Oltrepò PaveseIl miglior vino degustato?

A livello personale mi piacciono quei vini che riescono ad avere una grande personalità, senza scadere nei difetti, perché oggi c’è questo problema legato a quei vini, i cosiddetti biodinamici. Ma non tutti, bisognerebbe fare una cernita; quando si vuole spacciare per una caratteristica un difetto, allora non mi piacciono più, preferisco vini che escono un filino dalla razionalità, dallo standard dei vini da concorso che però mantengono una loro caratteristica di bontà. Un nome: Mas de Daumas Gassac Vin de Pays de l'Hérault bianco del 1995. Un vino non convenzionale ma molto piacevole, dove nel bicchiere entrava la vigna, non il vitigno.

Bellaria non è più presente nelle guide, come mai?

È una scelta. Avevo anche scritto un articolo, che forse è ancora in rete. Me l’ero presa con le guide, al di là del mio incarico istituzionale che non avevo ancora. Allora ero un consigliere del Consorzio e già avevo selezionato molto le guide: avevo mantenuto la guida AIS, non perché ci siete qui voi, ma è la guida che mi ha dato più soddisfazioni. Ho preso 2 cinque grappoli, essendo estraneo a tutti i personaggi AIS e sono molto orgoglioso di questo. Però vedo queste guide limitare molto le possibilità delle piccole aziende. Tanto per riassumere quello che avevo scritto: a mio giudizio queste 300 e qualcosa eccellenze, in un panorama di continua crescita di vini di qualità, vanno a limitare la presenza di tante piccole aziende, perché, parliamoci chiaro, le 250 eccellenze sono già date e le aziende importanti se le meritano anche. Non faccio nomi, tanto li abbiamo in mente tutti: di conseguenza non c’è più spazio per chi sta facendo bene ed è magari un’azienda di 3 ettari. Allora lì, secondo me, le guide vanno a premiare un anno Tizio, un anno Caio, però se l’anno dopo Tizio e Caio propongono comunque vini di alta gamma, non c’è più spazio. Questa cosa mi da un po’ fastidio. E poi ho voluto evitare anche per il fatto di essere Presidente del Consorzio: non ho mai preso un 3 bicchieri della guida Gambero Rosso, e ci mancherebbe che me li dessero in quanto Presidente del Consorzio! Sono ambizioso, se partecipo, ambisco a vincere, non ad arrivare secondo. Quindi ho ottenuto sia i cinque grappoli che i due 2 bicchieri rossi dai miei vini sulle guide. Qualcosa ho fatto, però al momento non credo di ritornare finché ricopro questo incarico, vedrò in futuro.

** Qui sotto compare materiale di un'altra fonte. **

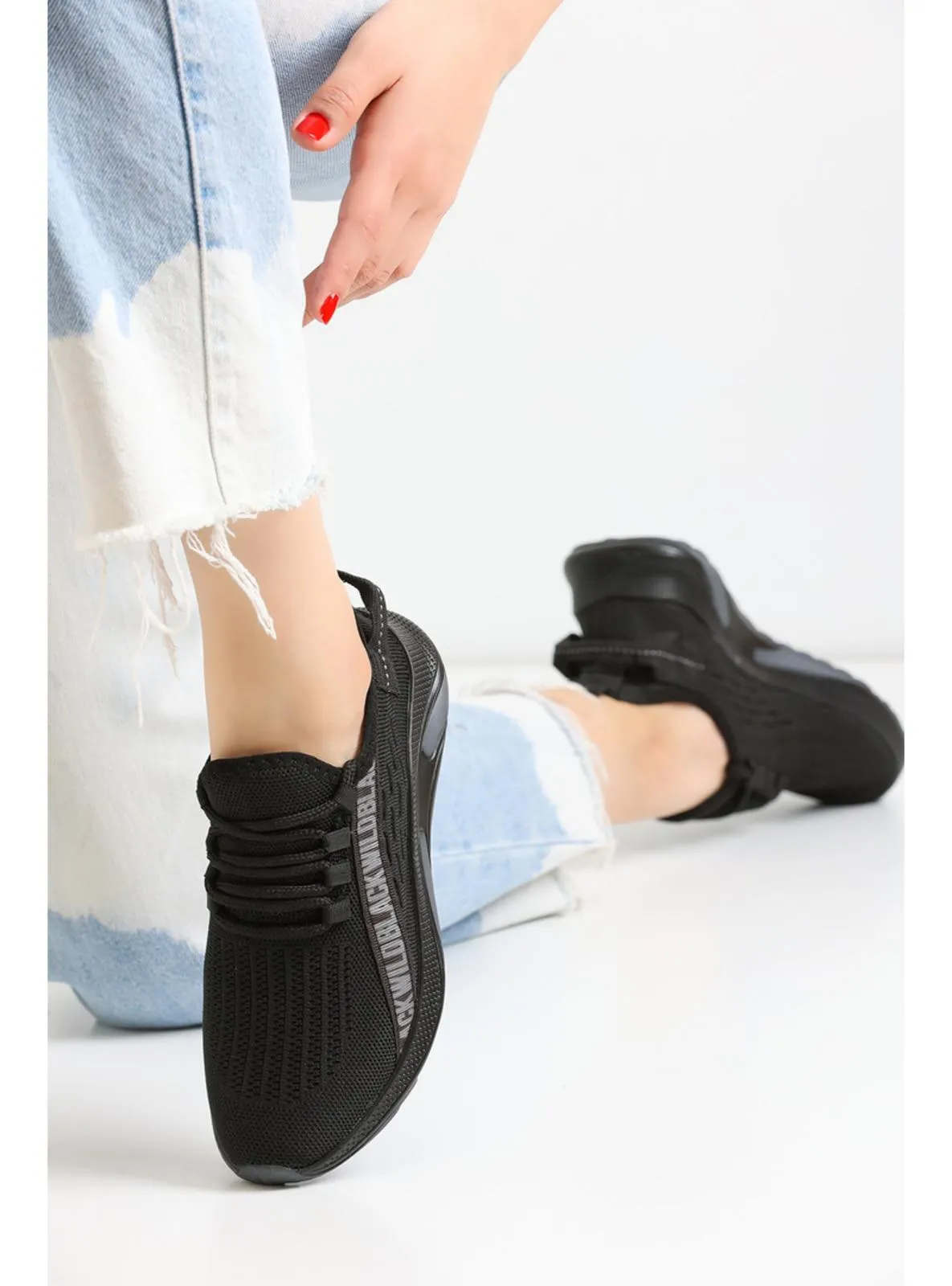 Black - Sports Shoes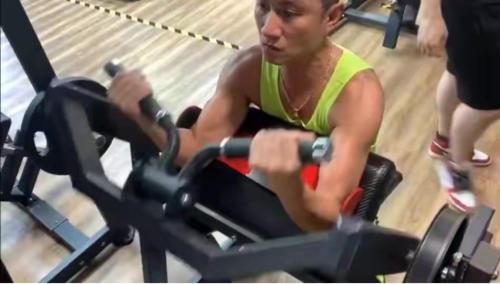 36岁文章现身机场，肩膀宽厚手臂都是肌肉，身材健硕很有男人味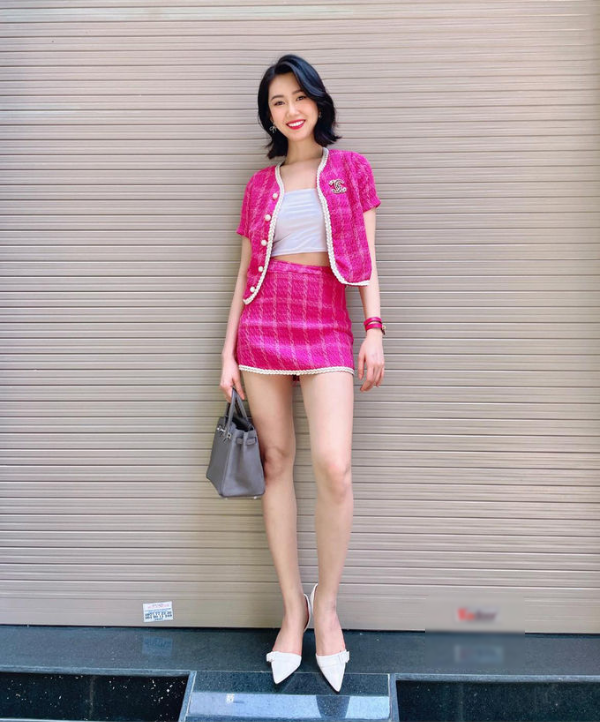 Style sao Việt tuần qua: Hà Hồ phanh cúc áo, Mlee khoe chân dài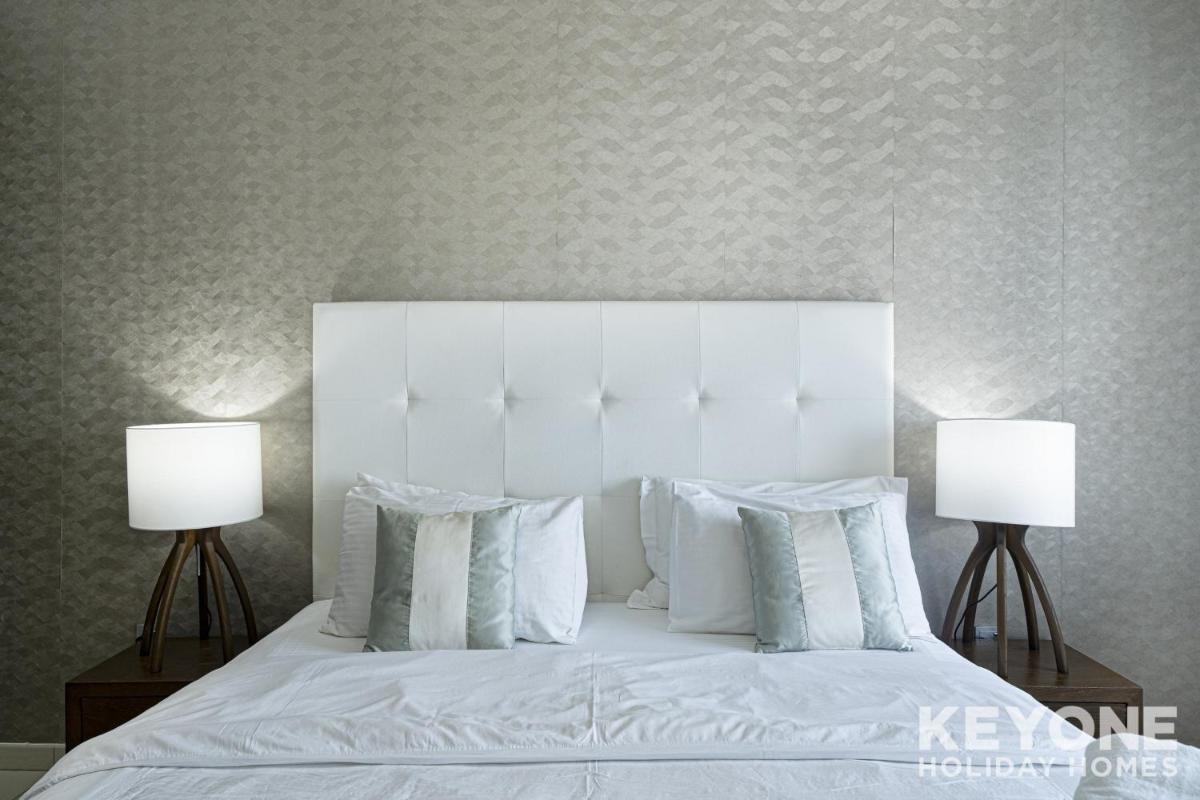 KeyOne - 1BR in Cayan Tower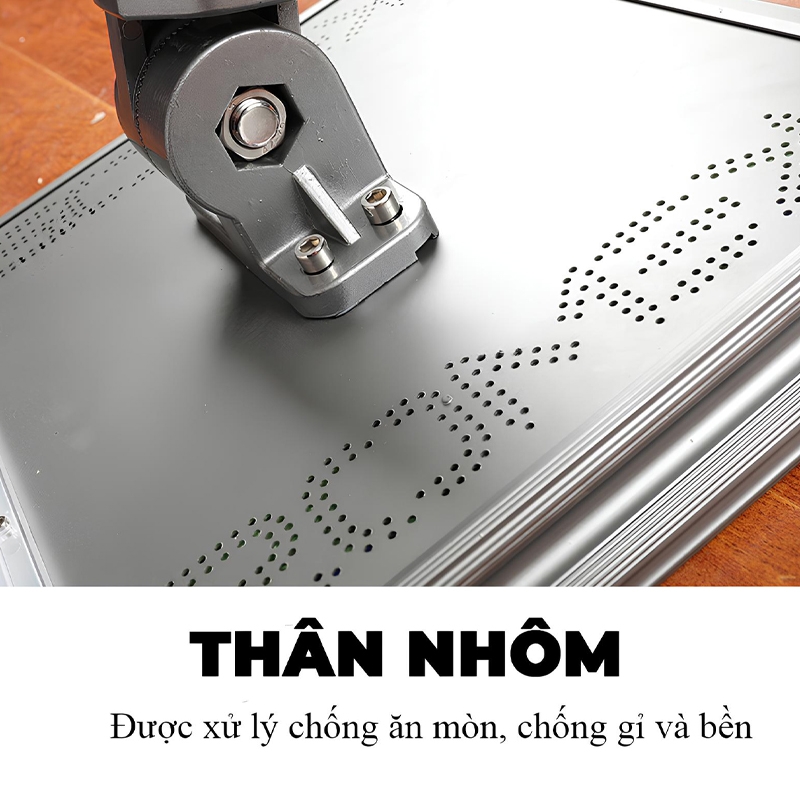Đèn đường năng lượng mặt trời SL-D200BC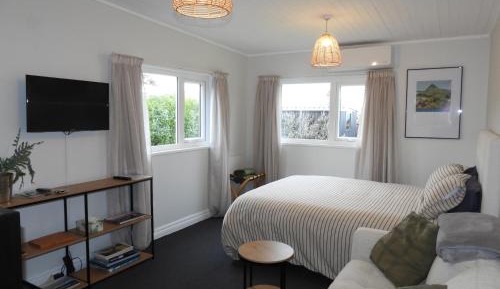 Apartment with Garden View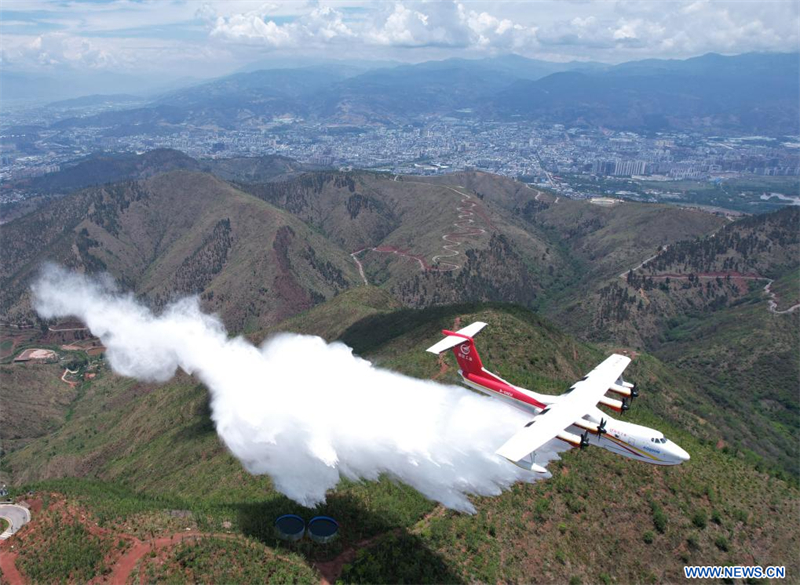 Sur cette photo d'archives, un grand avion amphibie AG600 de la Chine mène un essai en vol pour la lutte contre les incendies à Xichang, ville de la province chinoise du Sichuan (sud-ouest), le 23 juin 2023. (Photo / Xinhua)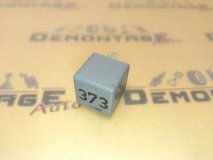 Реле 373 Volkswagen Passat B5 3B6 2001 AZM Реле 373 Volkswagen Passat B5 3B6 2001 AZM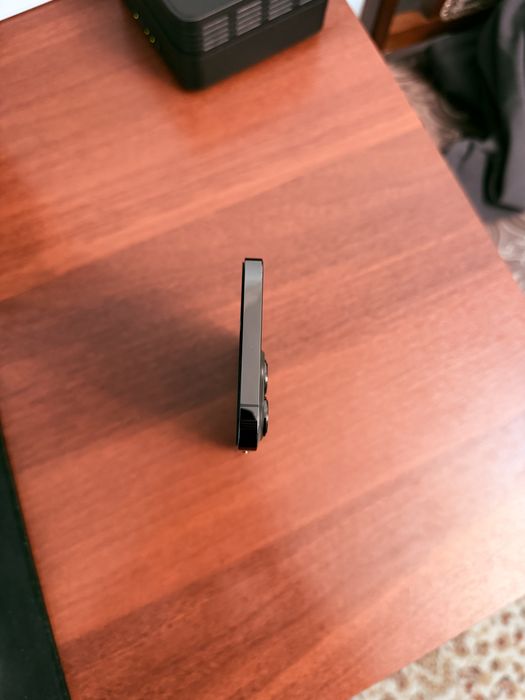 Apple iPhone 13 Pro Max + AirPods Pro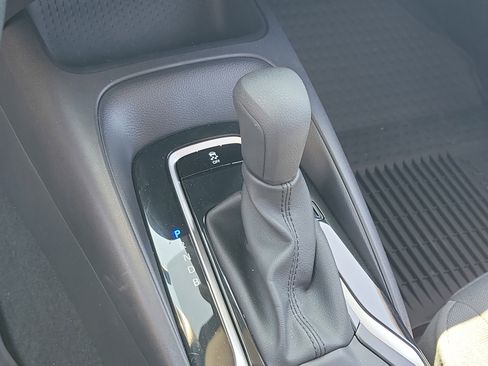Certified 2025 Toyota Corolla LE FWD image 27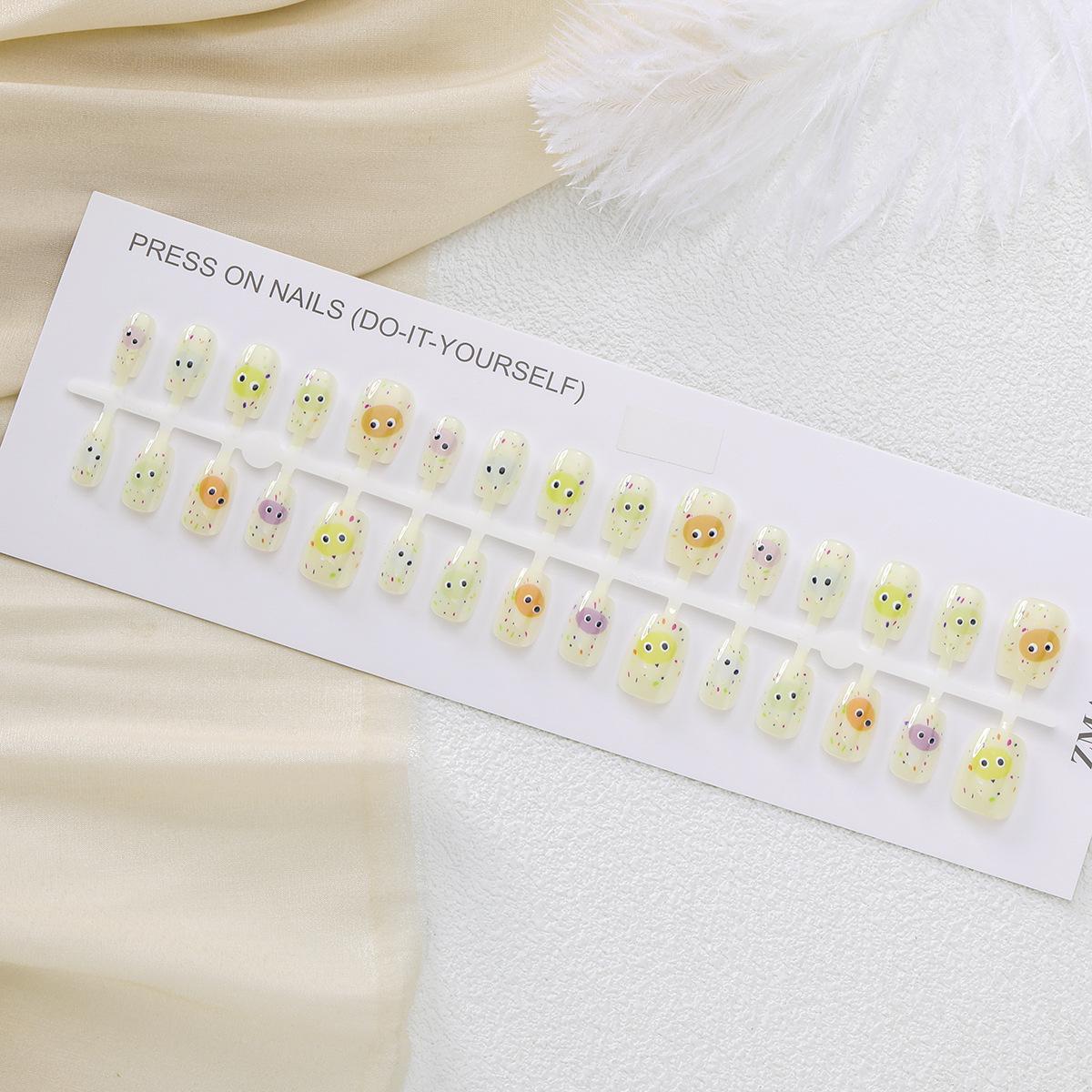 

30 милых мультяшных наклеек для лака для ногтей «Кошачий глаз» — полная коллекция кодов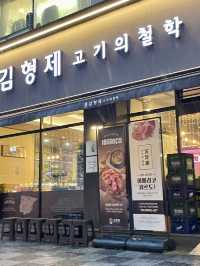 둘러앉은 테이블 사이로 직접 고기 구워주는 곳이예요!!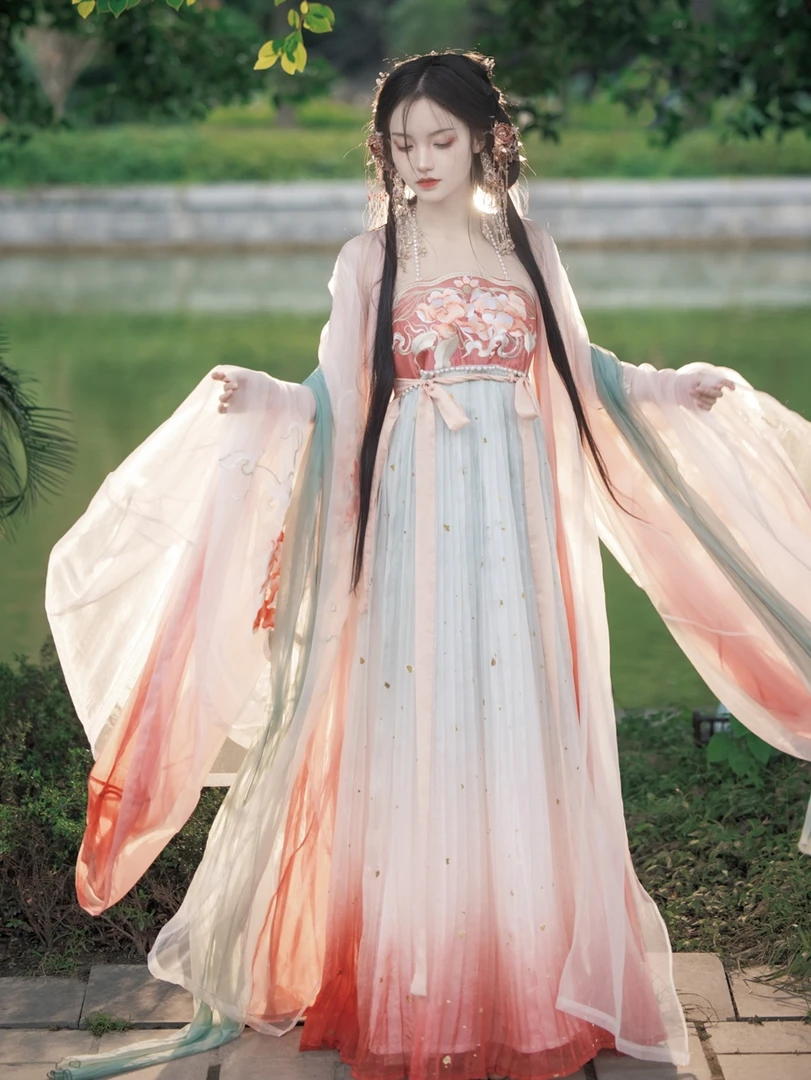 新款汉服女唐制超仙大袖刺绣渐变诃子裙一片式齐胸汉元素春夏套装
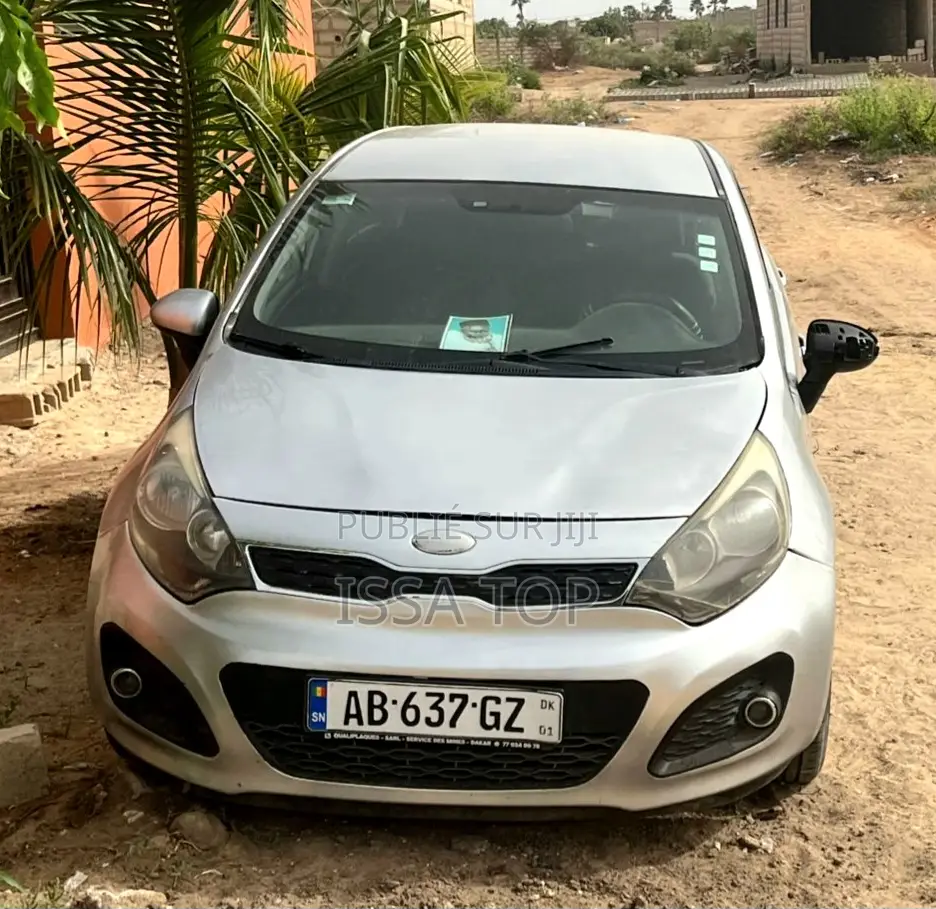 Kia Rio 2012 Gris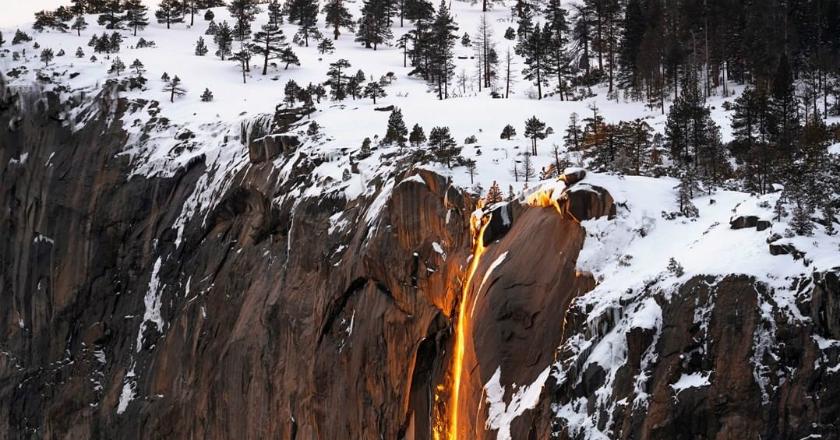 Mengintip Fenomena Langka 'Air Terjun Api' di Amerika Serikat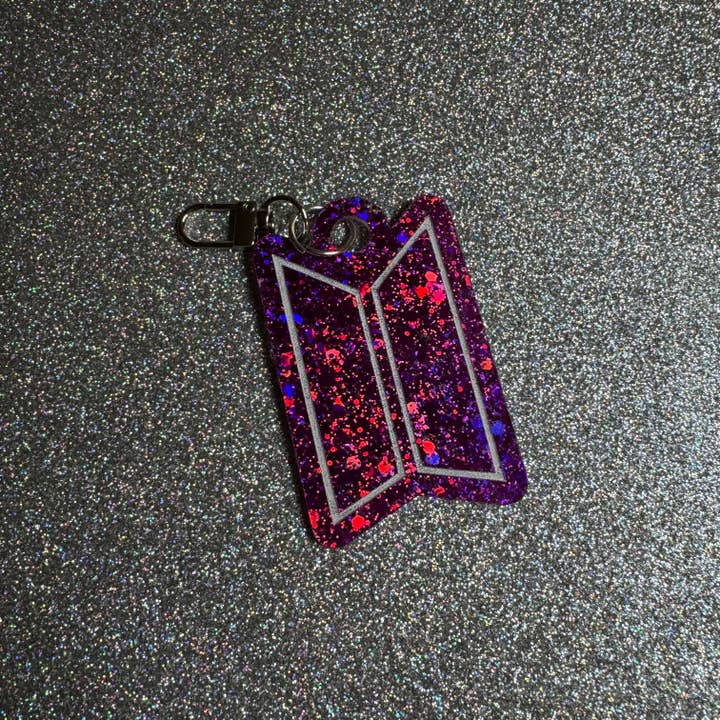 Lantern Pins – Großhandel Geldbörsen-/Taschenzubehör – Damen – BTS-Taschenanhänger — Verschiedene Modelle!17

Ultimo nato, il Distretto dei vini di qualità. La sua opinione?

Sul distretto non ho nulla da dire, se non che, dai primi sentori, appare più come un qualcosa di molto politico, organizzato dalle Associazioni di categoria e la Provincia di Pavia piuttosto che dai produttori. Per contro dovrebbe essere unicamente uno strumento degli imprenditori.